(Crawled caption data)
◆ ◆ ◆ ◆ ◆

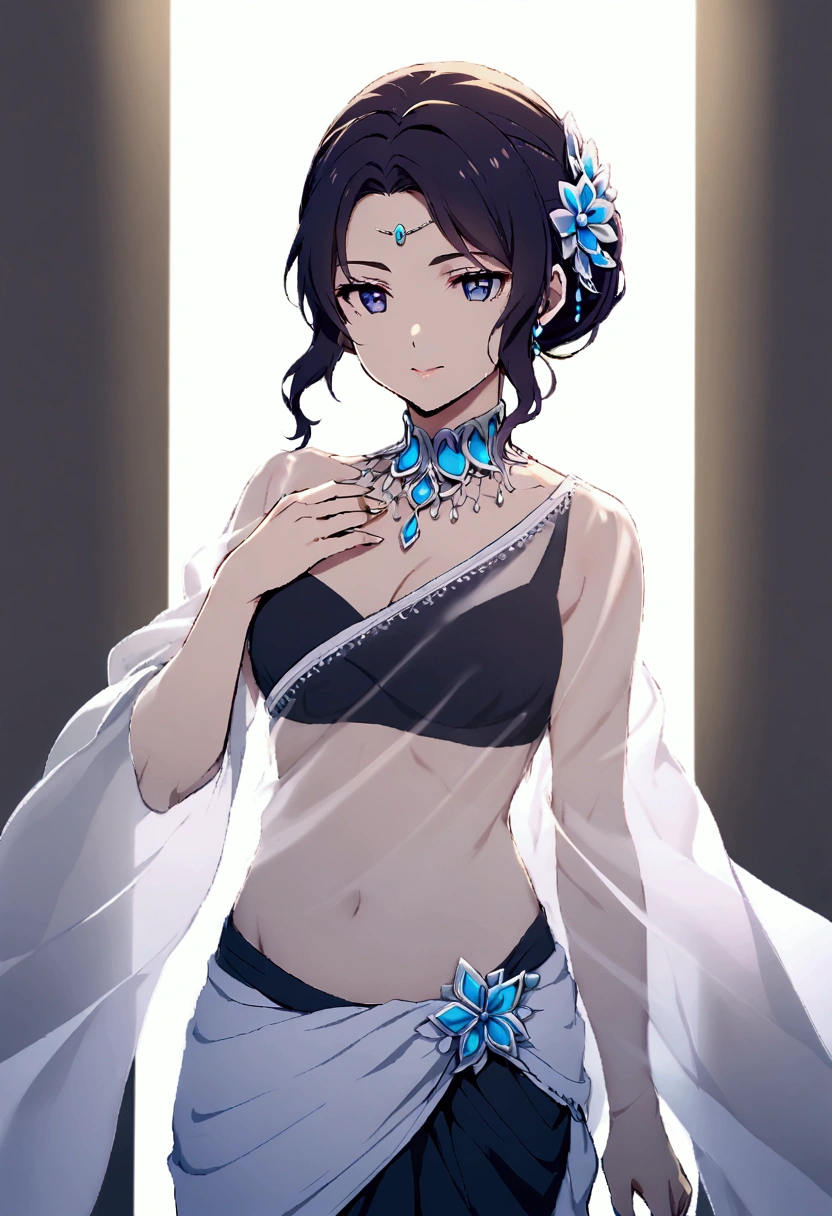 Shinobu wearing saree, no  blouse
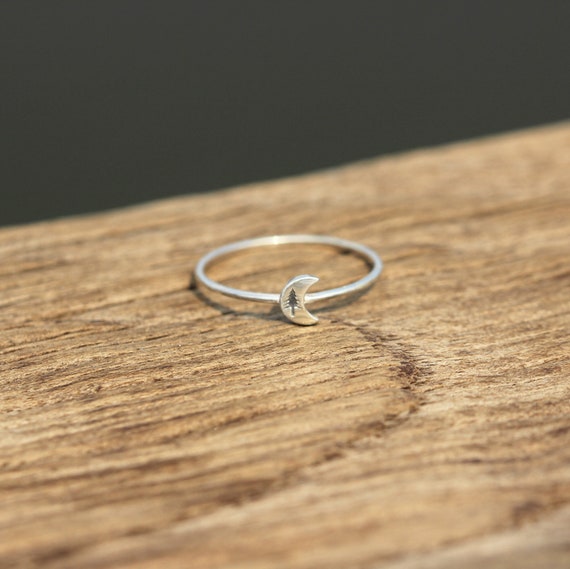 925 Silver Moon Ring,silver Jewelry,silver Tree Ring,tree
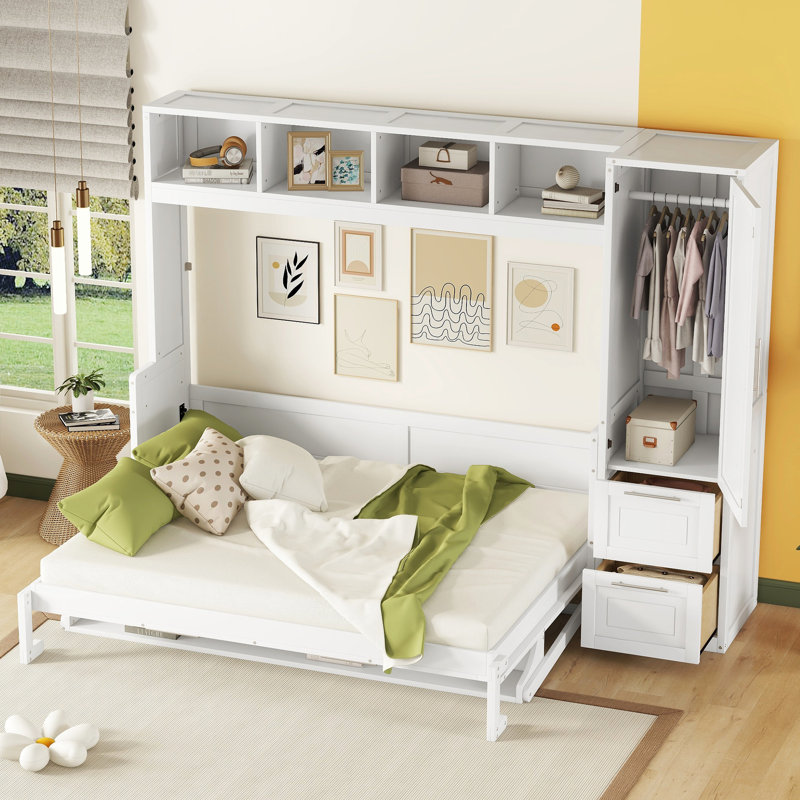 Grand lit blanc avec beaucoup de rangement pour les livres et plus encore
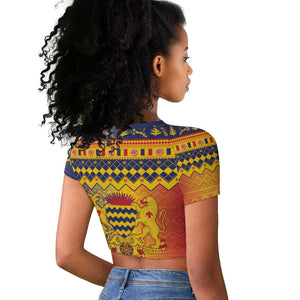 Afro Chad Christmas Raglan Cropped T shirt Coat Of Arms With African Pattern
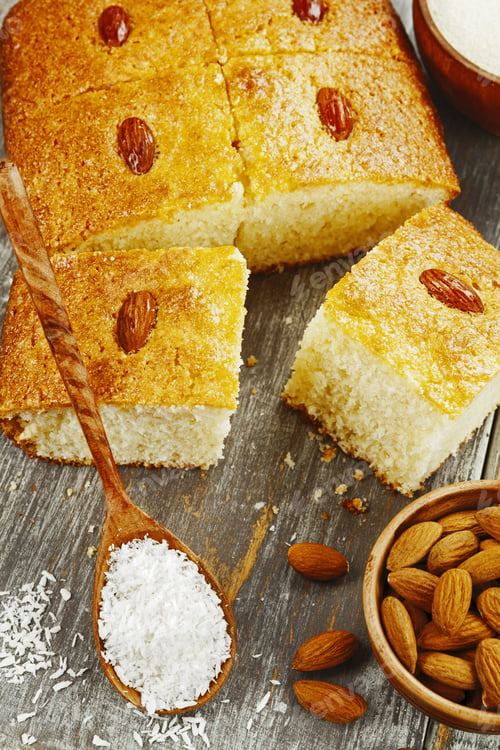 Preview: Arabic Semolina Pie With Coconut And Almond. Basbousa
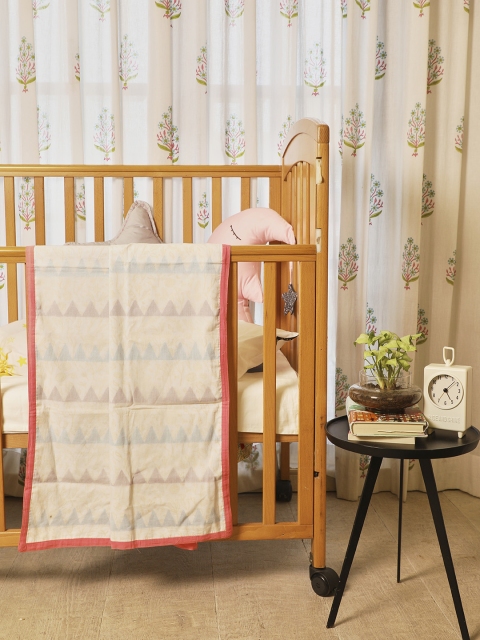 Masaya Beige Abstract AC Room 210 GSM Single Bed Dohar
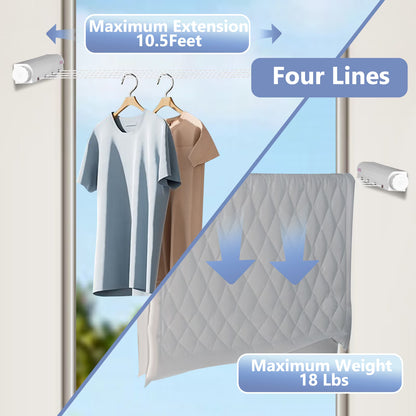 Retractable Clothesline Indoor Outdoor 4 Line Telescopic Clothes Drying Rope Hanger Wall Mounted Clothes Dryer Line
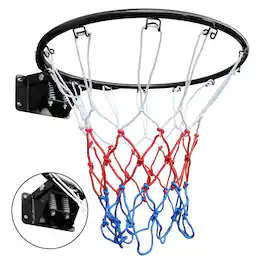 APRILSOUL - Basketball Double Spring Rim 18 Steel Indoor Outdoor - Black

◆ ◆ ◆ ◆ ◆

Work task. Extract precisely the lines beginning at the line containing "Preview: Arabic Semolina" and ending at the last line of the entries above, exactly as written and with no pictures.

Solution to this task.
 Preview: Arabic Semolina Pie With Coconut And Almond. Basbousa
 Masaya Beige Abstract AC Room 210 GSM Single Bed Dohar
 Retractable Clothesline Indoor Outdoor 4 Line Telescopic Clothes Drying Rope Hanger Wall Mounted Clothes Dryer Line
 APRILSOUL - Basketball Double Spring Rim 18 Steel Indoor Outdoor - Black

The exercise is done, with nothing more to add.